What's not plausible about this? People are doing it. It's not even much of a "loophole" since ultimately, 90% of people prefer to settle down for residency somewhere rather than keep travelling for years. The tax man always goes after the average 90% of people first. But yeah, depending on your citizenship you can do this, known as PT: "permanent traveller", perpetual tourist, previous tax-payer etc...

Be sure to know the rules of the countries you visit and more importantly those of your citizenship country. If you're German, you cannot do this less-than-180-days-per-year operation if you hold "tangible economic interests in the country" such as: being employed there, having property interest there, or other assets such as company shares in or from within the country etc.

So again, not a workable "loophole" for the majority of people but a decent state of affairs for the vast minority of Tim Ferris-style indy web-biz travellers with no significant "financial" assets or interests inside the country of citizenship.

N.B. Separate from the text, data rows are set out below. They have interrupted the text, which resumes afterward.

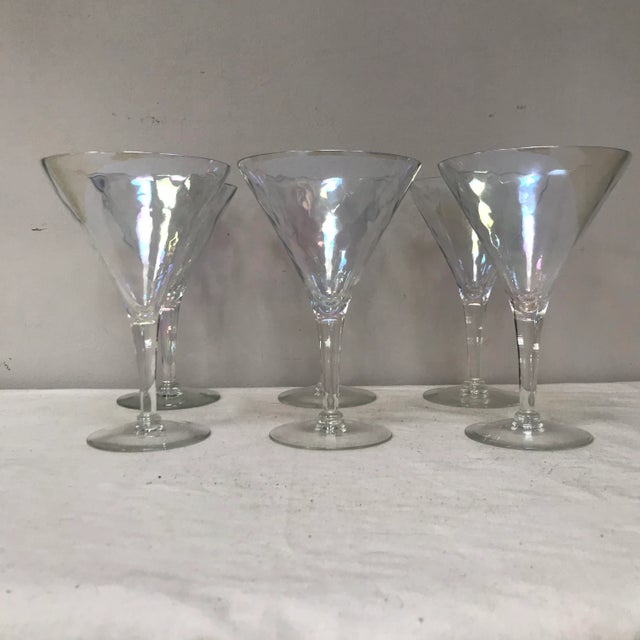 A beautiful set of 6 vintage, iridescent, stemmed, clear glasses. A beautiful soft display of colors is reflected in the...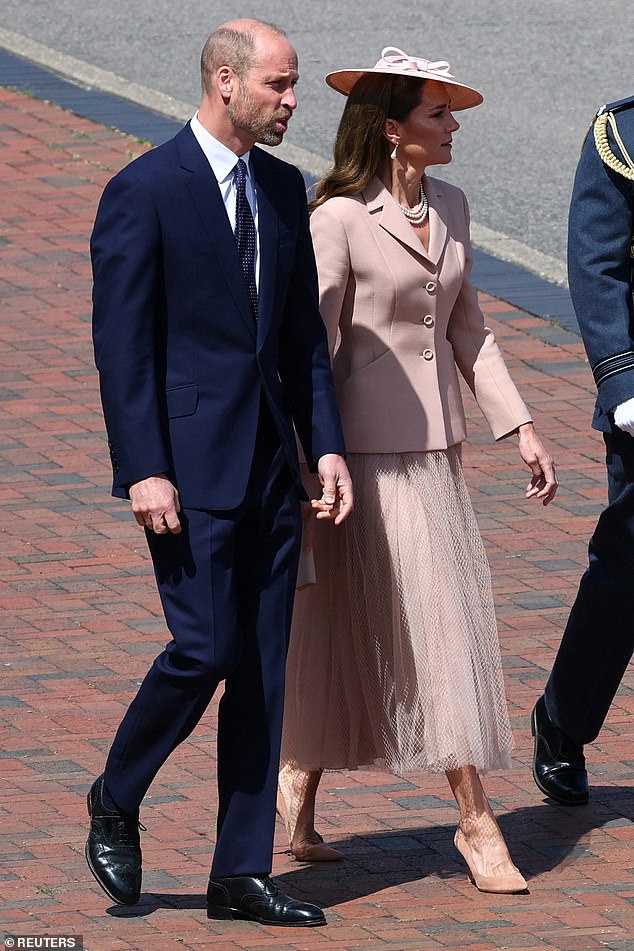 Meanwhile William, also 43, was smartly turned out in a formal suit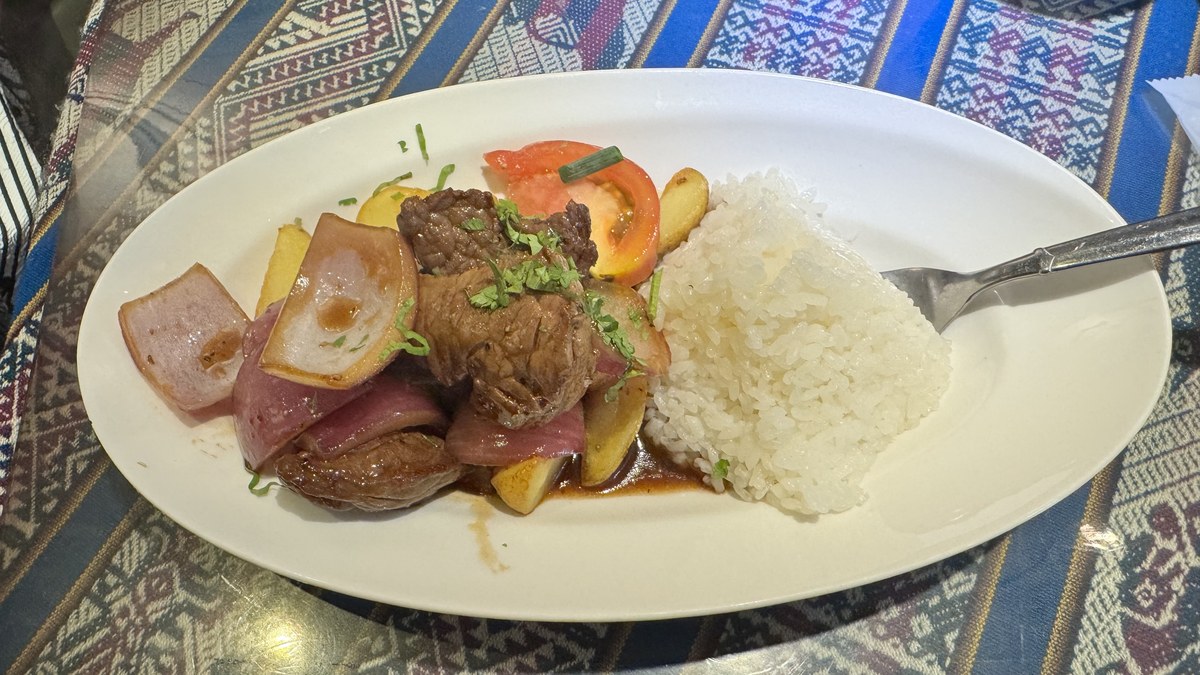 ペルー料理ALDO南青山店のロモ・サルタードを真上から撮影。牛肉と紫玉ねぎ、トマト、フライドポテト、ライスが盛られた一皿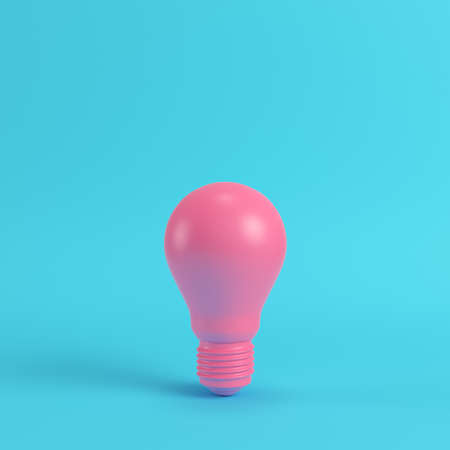 Pink light bulb on bright blue background in pastel colors. Minimalism concept. 3d renderの写真素材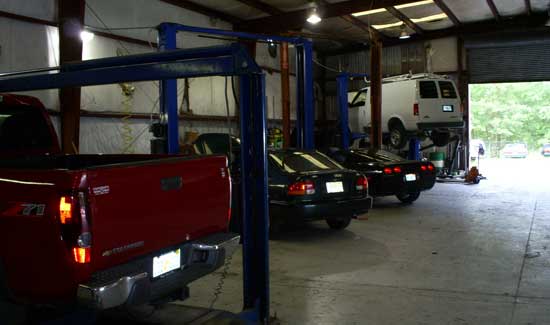Auto Repair Experts — Parked Vehicles in Shop in Lake City, FL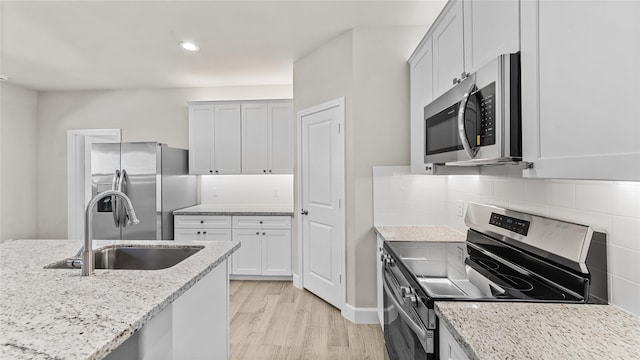 kitchen featuring backsplash, sink, appliances with stainless steel finishes, light hardwood / wood-style floors, and light stone counters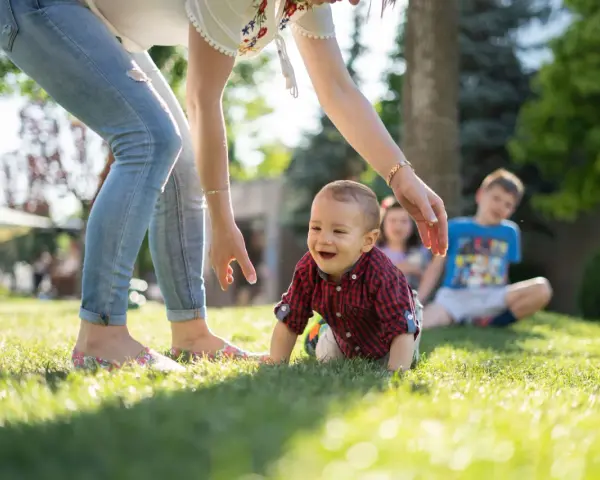Uśmiechnięte dziecko raczkuje na trawie, podczas gdy opiekunka zastanawia się, ile kosztuje niania na pełen etat.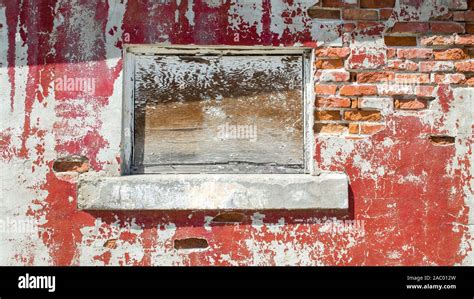 Boarded Up Window In A Crumbling Wall Of An Abandoned Building With Red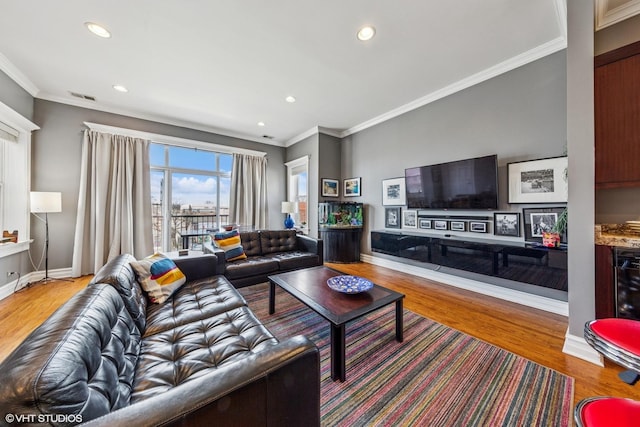 2451 S Western Ave Unit 3N, Chicago, IL 60608 - living room with crown molding, wood finished floors, recessed lighting, and baseboards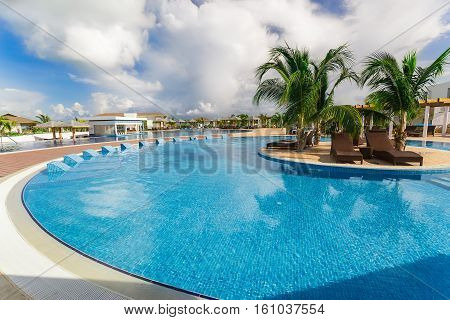 Cayo Guillermo island, Iberostar Playa Pilar hotel, Cuba, June 28, 2016, nice beautiful inviting view of a curved comfortable swimming pool with ceramic beds on blue sky background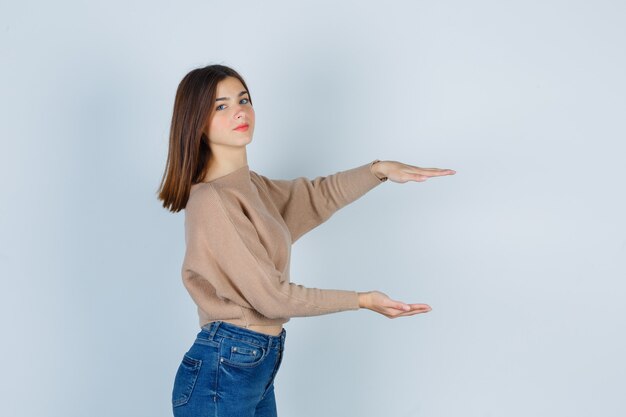 Young lady showing size sign in beige sweater, jeans and looking pleased. front view.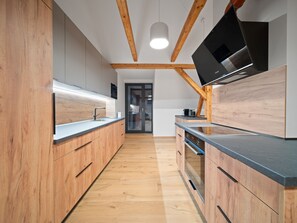 Una cocina moderna con armarios de madera, horno empotrado y un televisor de pantalla plana grande.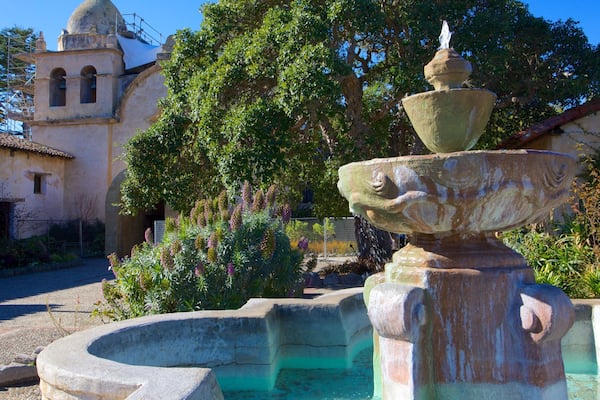 Carmel Mission Basilica featuring a garden, heritage architecture and a bay or harbor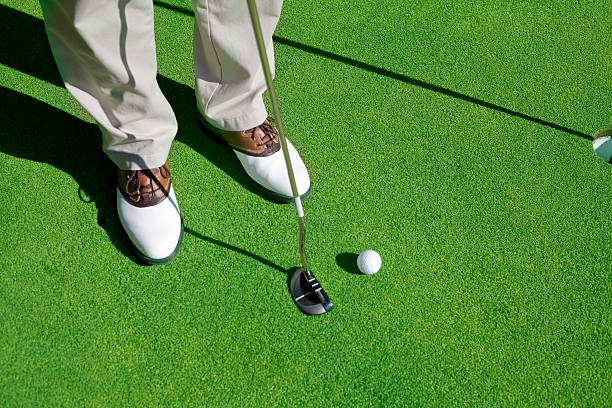 Golf player trying to make the putt stock photo
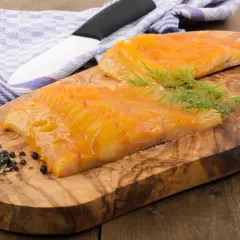 Deux beaux filets de haddock poisson fumé, prêts à être dégustés, sur une planche en bois d'olivier avec de l'aneth et du poivre.
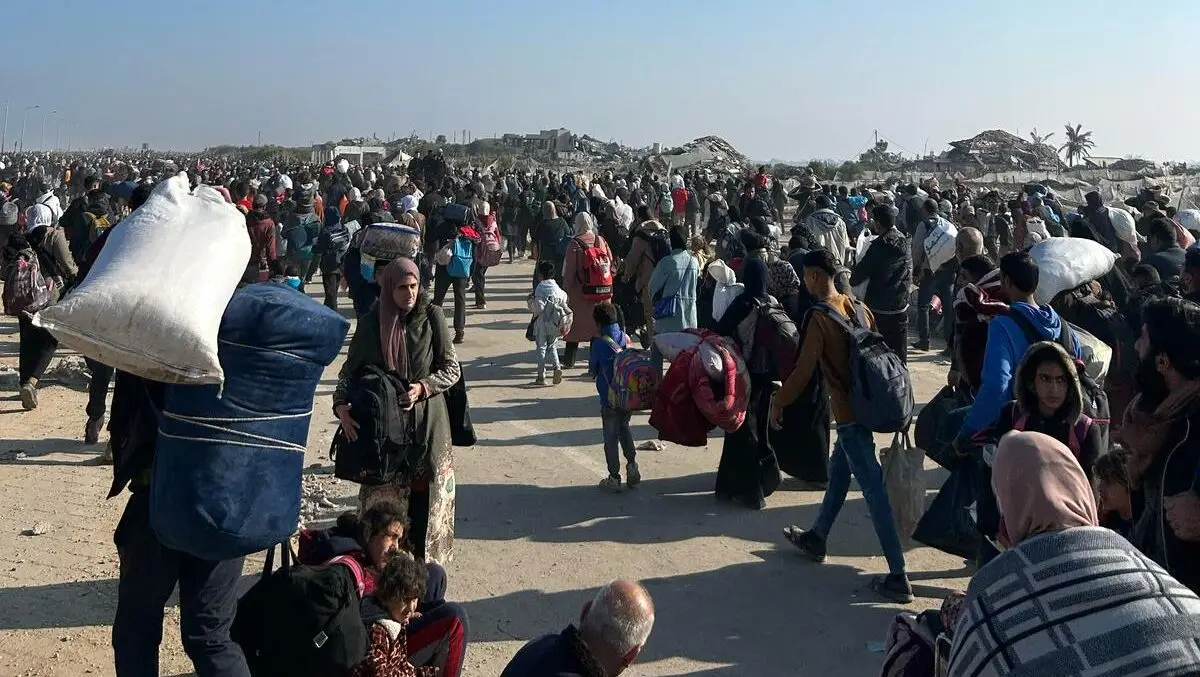 A crowd of Palestinian people walking with bags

Yep, I know of quite a few people who are effectively doing that. If they have to have an address for anything, it's the hotel they stay in most regularly in Bangkok. Nice and central as a travel hub, and that Thai government doesn't want any money from you if you're not a resident of some sort which they aren't if they leave the country at least once every 90 days. Business is run out of one of the various offshore islands that doesn't want you're money unless you're living there, so all income if effectively tax free.